Traditional negotiation is a lot like buying a used car. You find something you like, you see the price and you attempt to get the most value. This interaction usually leaves one party unhappy about the final outcome. Either the seller didn't get the price he or she desired or the buyer paid more than he or she wanted to for the car. It is the true limited negotiation that most people dread and almost never results in loyal customers who keep coming back for more. This scenario plays out terribly in a business environment when you want an ongoing relationship with a supplier or a customer.
If you are an aggressive negotiator you can get a vendor to the lowest price possible, but they may not see your business as ongoing and could sacrifice other aspects like service, delivery and quality. They may also decide that the business isn't worth it and stop supplying the product at the price you demand. If you put more energy into the negotiation and look at the whole value picture you can find a way to strengthen both parties.
A bigger picture negotiation mentality allows the potential to satisfy both parties, which could start the path to a long-term partnership. To be successful, you have to enter the arena without your armor, be willing to share information, and be honest about limitations and concerns. Providing the obstacles and boundaries to the other party gives you a chance to find a cooperative end point that can be beneficial for both parties.
It does take more work to prepare for this type of negotiation, and one could argue, a more diverse set of skills. You need to think everything through from your perspective as well as from the perspective of your partner. You have to come prepared to lay out your case and present your perspective. You also have to be able to articulate what you would like to see as the outcome to solve the problem at hand.

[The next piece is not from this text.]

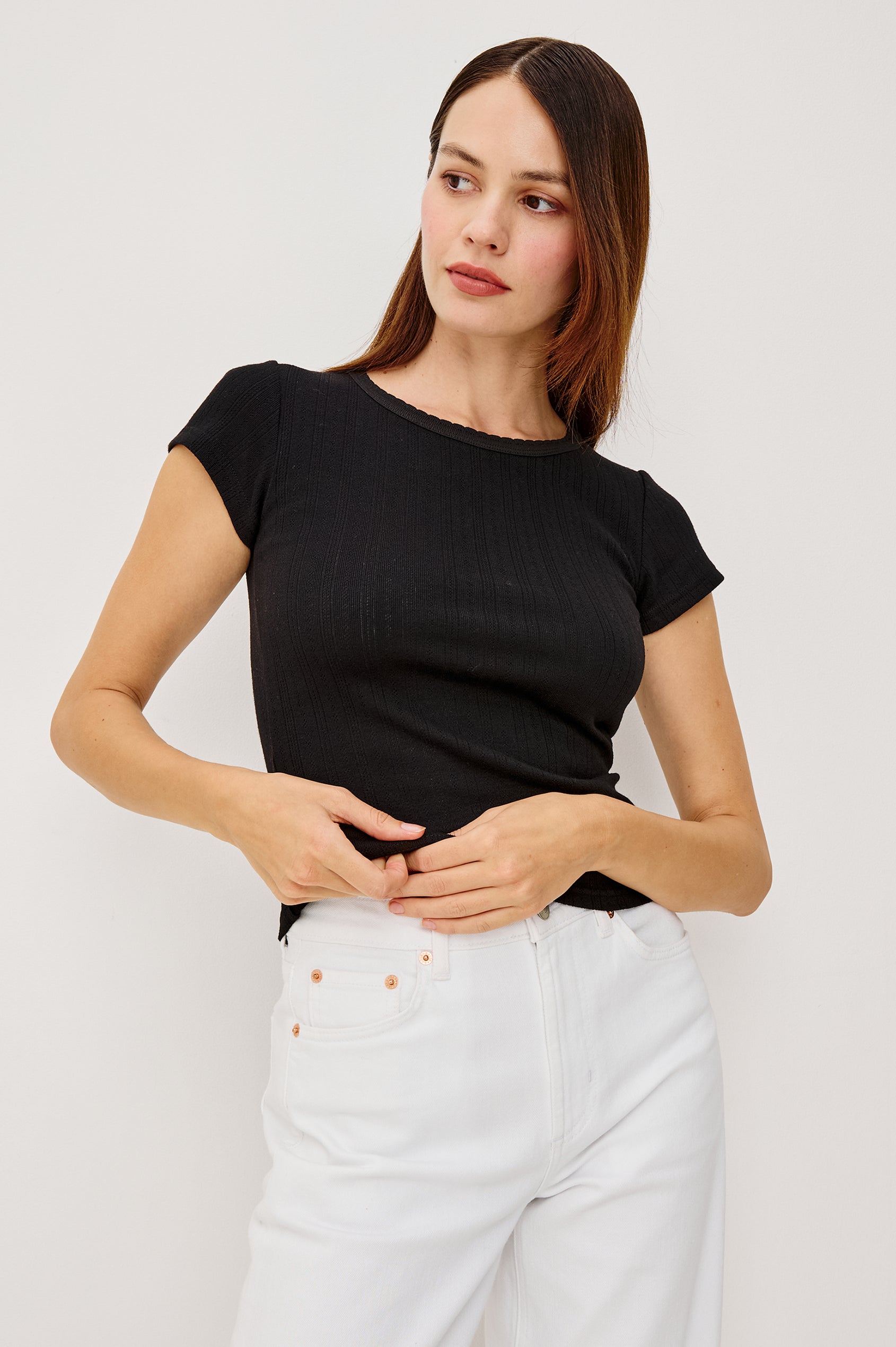 Mickey Fitted Crewneck Short Sleeve Baby Tee With Pleated Rib Pointelle Detailing in Black Colorway - Upper Body Back View Stylized Featuerd on Model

Getting through the process of finding a mutually agreeable solution will allow both parties to walk away with a positive feeling and those good spirits will pay-it-forward the next time you sit down to solve a problem. If you typically are not a strong negotiator, working towards a creative settlement will give you the security of not feeling like you have to cave to the other person's demand. You are not trying to score the ultimate win; you are trying to solve the problem together.
This may cause some people to sigh, especially if you fancy yourself a strong negotiator. Several studies have surprisingly proven that introverts are strong negotiators. However, they don't put a high value on personal relationships and don't care to put the energy into building or maintaining them. If this is you and you would rather be left alone, check those feelings at the door. You don't have to be friends, but you can find great gains with little energy that will keep you from having to have the exchange again anytime soon.
Good negotiations are the building blocks for solid relationship management. Nobody needs to take a trust fall with their supplier to successfully work together. Respecting one another and being open to solving problems is all it really takes.